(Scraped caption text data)
◇ ◇ ◇ ◇ ◇ ◇ ◇

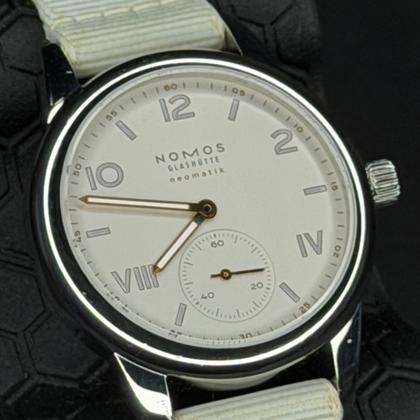 NOMOS Club Campus Neomatik 748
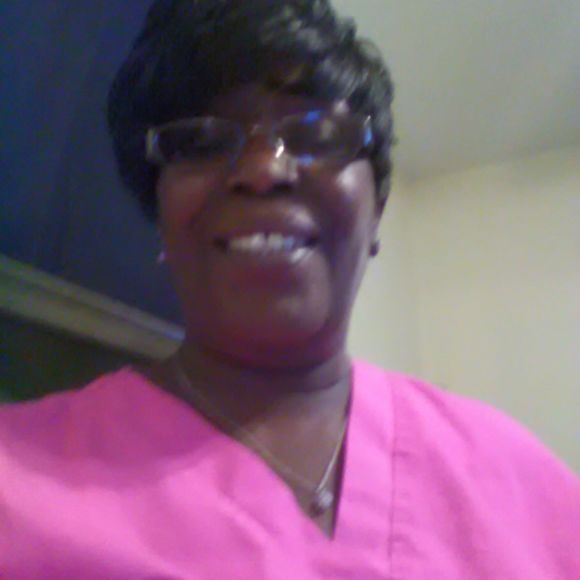 Meet your Posher, Cassandra - Picture 1 of 1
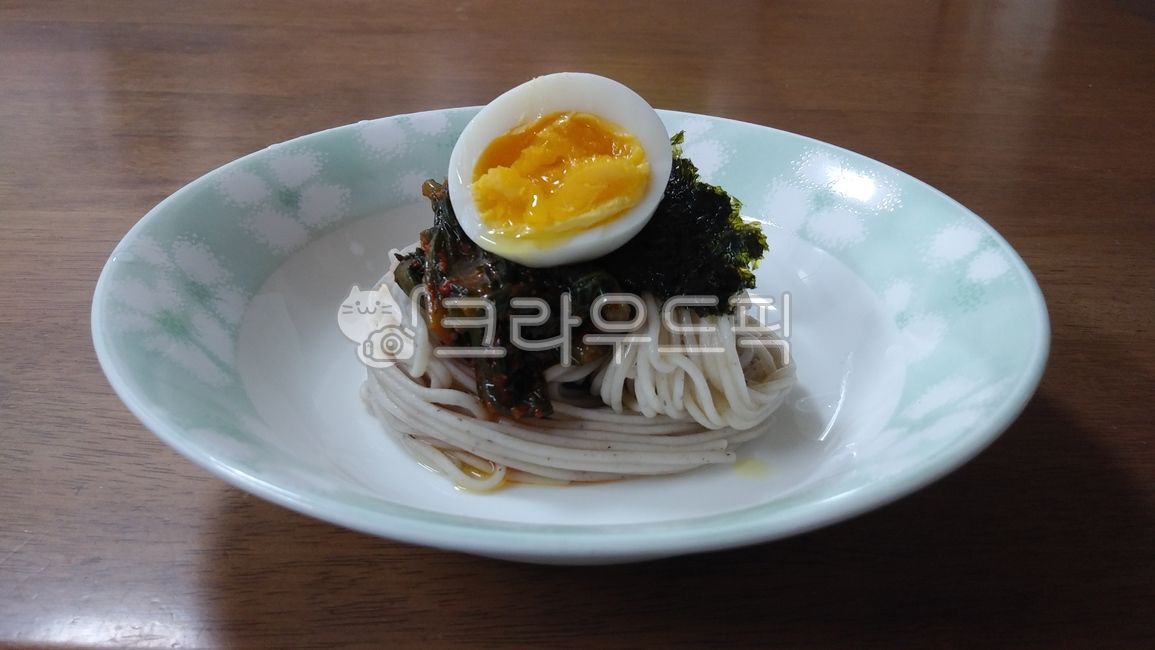 국수,메밀국수,김,들기름,생들기름,달걀,계란,에그,반숙,비빔국수,비빔장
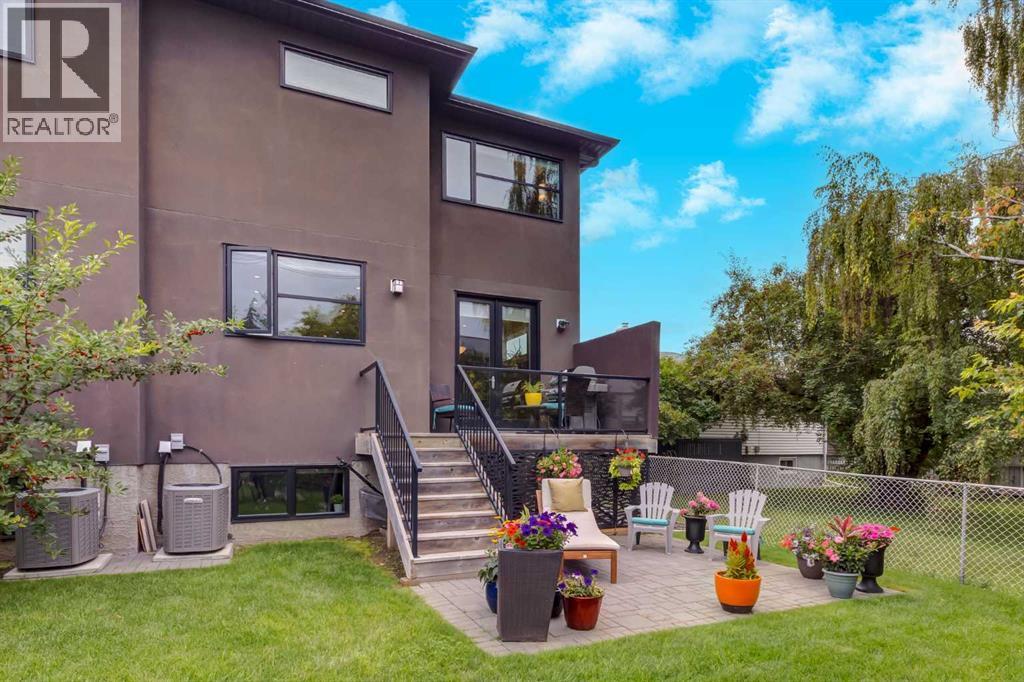 Single Family House for Sale in   Street SW Shaganappi Calgary 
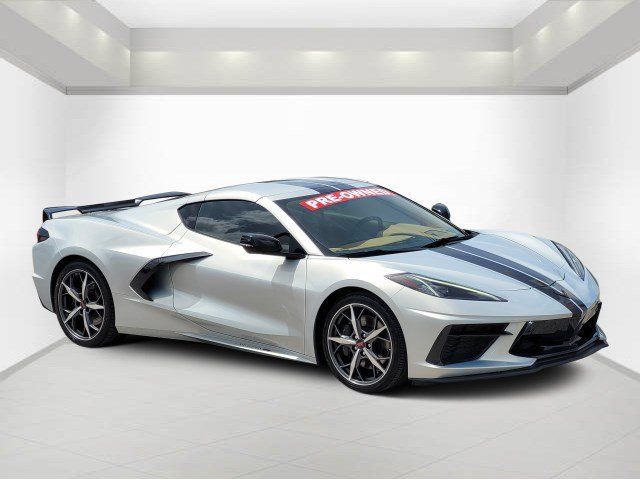 Used 2021 Chevrolet Corvette Stingray Premium Cpe w/ Z51 Performance Package RWD image 1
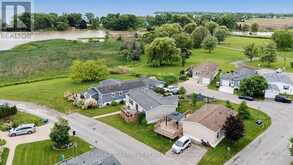 4 HICKORY HOLLOW | Nanticoke Ontario | Slide Image Thirty-six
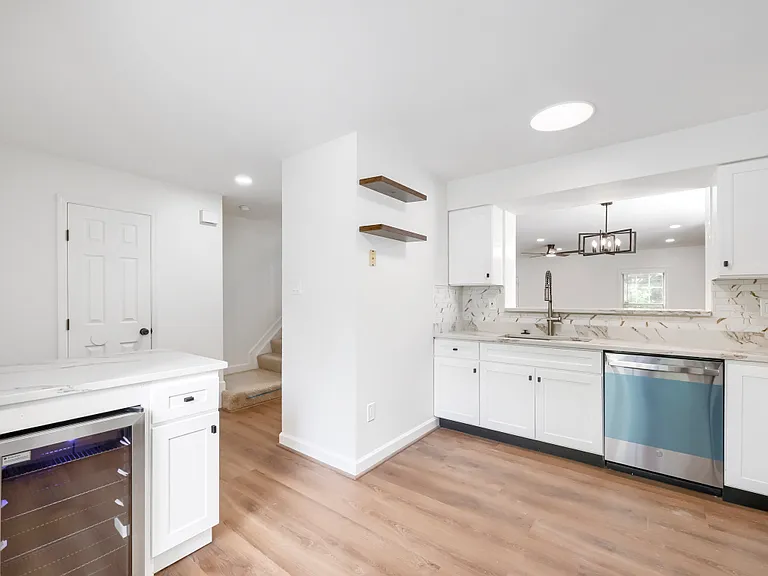 8573 Black Star Cir — Photo 6
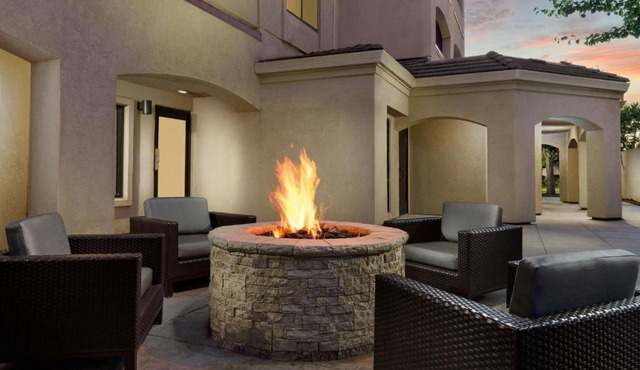 Courtyard By Marriott Salinas Monterey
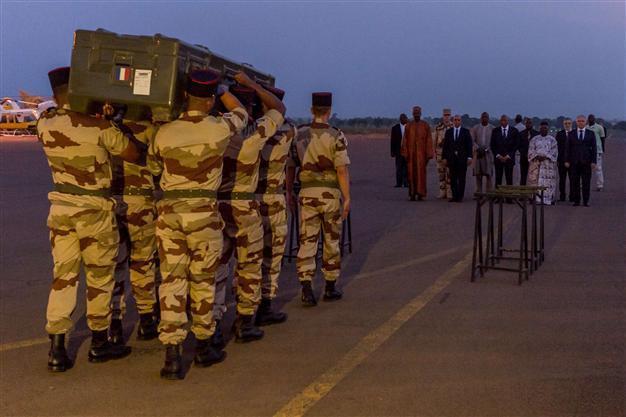 French, Malian forces hunt suspects behind journalist killings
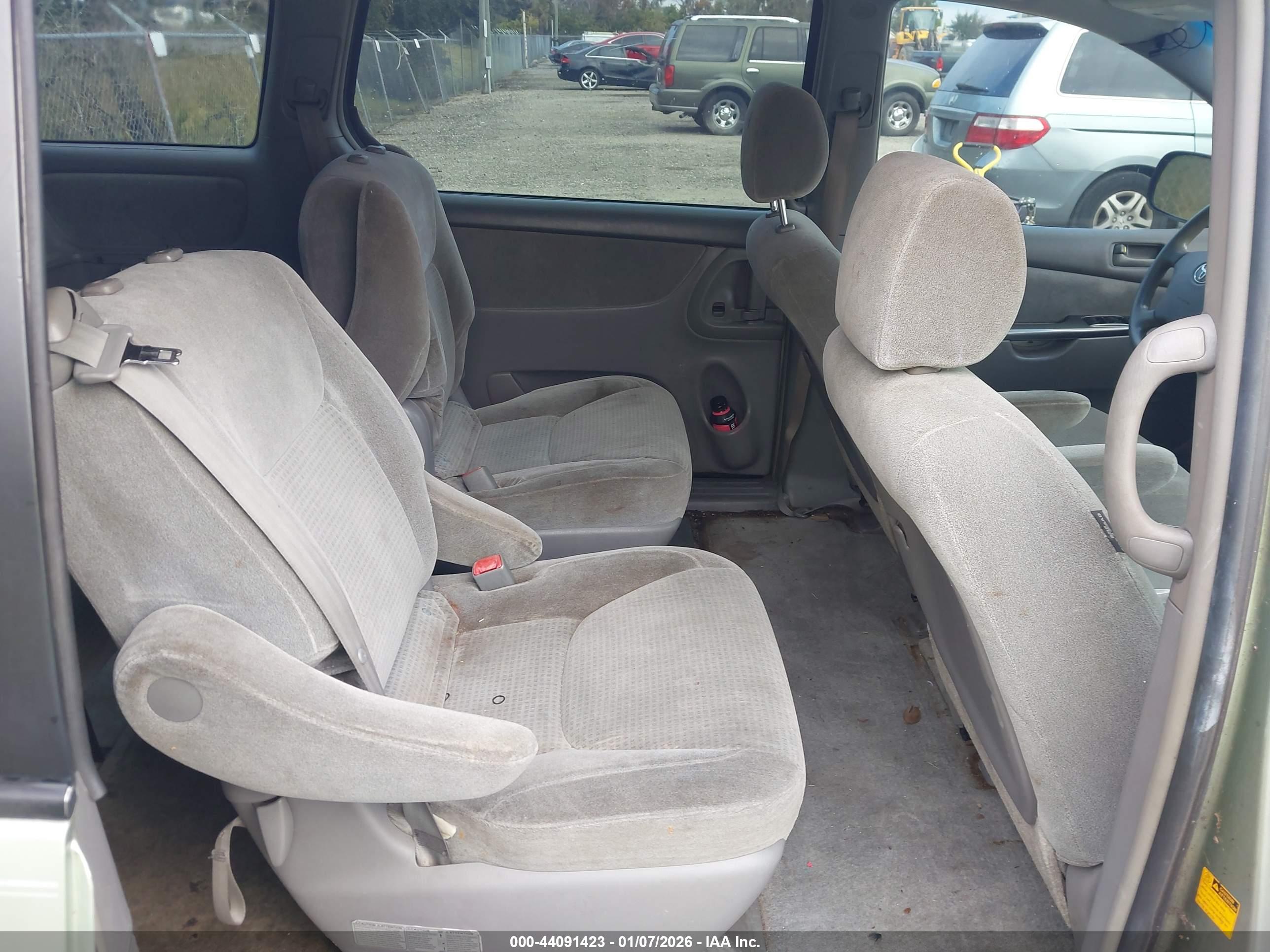 TOYOTA SIENNA image 8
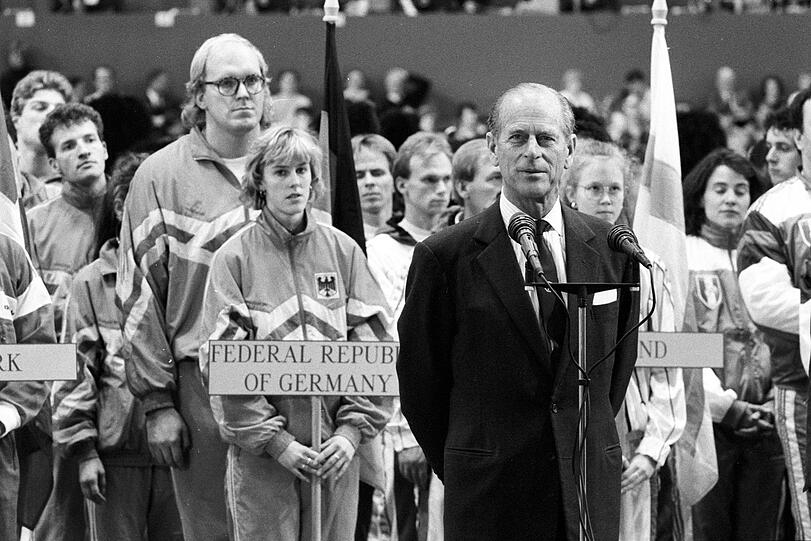 1990 eröffnete Prinz Philip die Leichtathletik-Halleneuropameisterschaften im schottischen Glasgow. Hier steht er vor der deutschen Mannschaft.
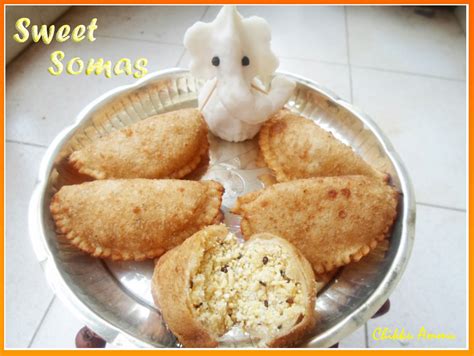 Chikkus Kitchen : Sweet somas Recipe / Diwali Recipe / Somasi Recipe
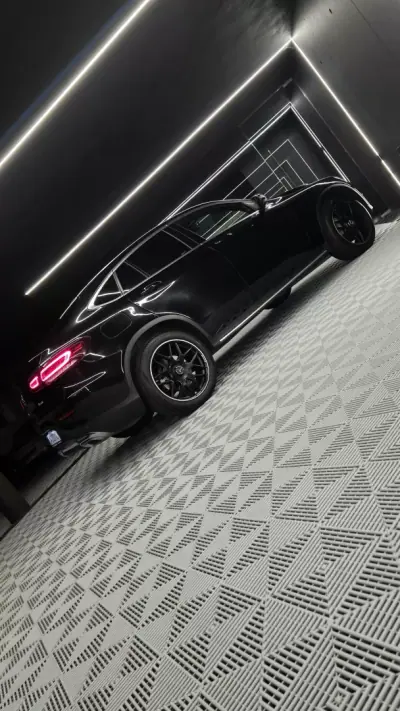 Mercedes-Benz GLC 300 2022 - 48900 EUR, 86000 km - AUTO.MOTO.pt - 86000km - foto 6 de 21
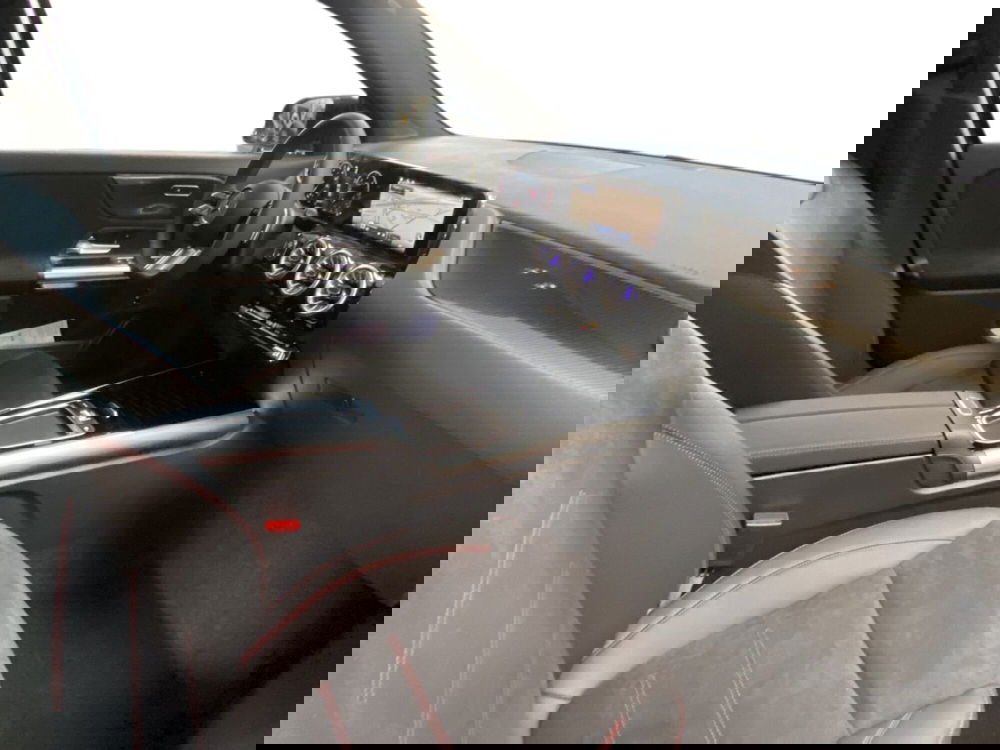 Mercedes-Benz GLA SUV nuova a Napoli (12)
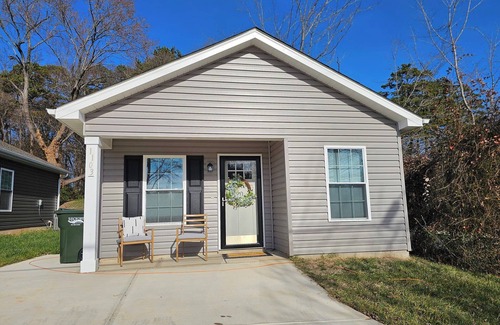 Hickory House | Charming 2-bedroom house in downtown Hickory conveniently located!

◇ ◇ ◇ ◇ ◇ ◇ ◇

## Your assignment:
Set down all records verbatim, omitting images.

## Response to the task:
 NOMOS Club Campus Neomatik 748
 Meet your Posher, Cassandra - Picture 1 of 1
 국수,메밀국수,김,들기름,생들기름,달걀,계란,에그,반숙,비빔국수,비빔장
 Single Family House for Sale in   Street SW Shaganappi Calgary 
 Used 2021 Chevrolet Corvette Stingray Premium Cpe w/ Z51 Performance Package RWD image 1
 4 HICKORY HOLLOW | Nanticoke Ontario | Slide Image Thirty-six
 8573 Black Star Cir — Photo 6
 Courtyard By Marriott Salinas Monterey
 French, Malian forces hunt suspects behind journalist killings
 TOYOTA SIENNA image 8
 1990 eröffnete Prinz Philip die Leichtathletik-Halleneuropameisterschaften im schottischen Glasgow. Hier steht er vor der deutschen Mannschaft.
 Chikkus Kitchen : Sweet somas Recipe / Diwali Recipe / Somasi Recipe
 Mercedes-Benz GLC 300 2022 - 48900 EUR, 86000 km - AUTO.MOTO.pt - 86000km - foto 6 de 21
 Mercedes-Benz GLA SUV nuova a Napoli (12)
 Hickory House | Charming 2-bedroom house in downtown Hickory conveniently located!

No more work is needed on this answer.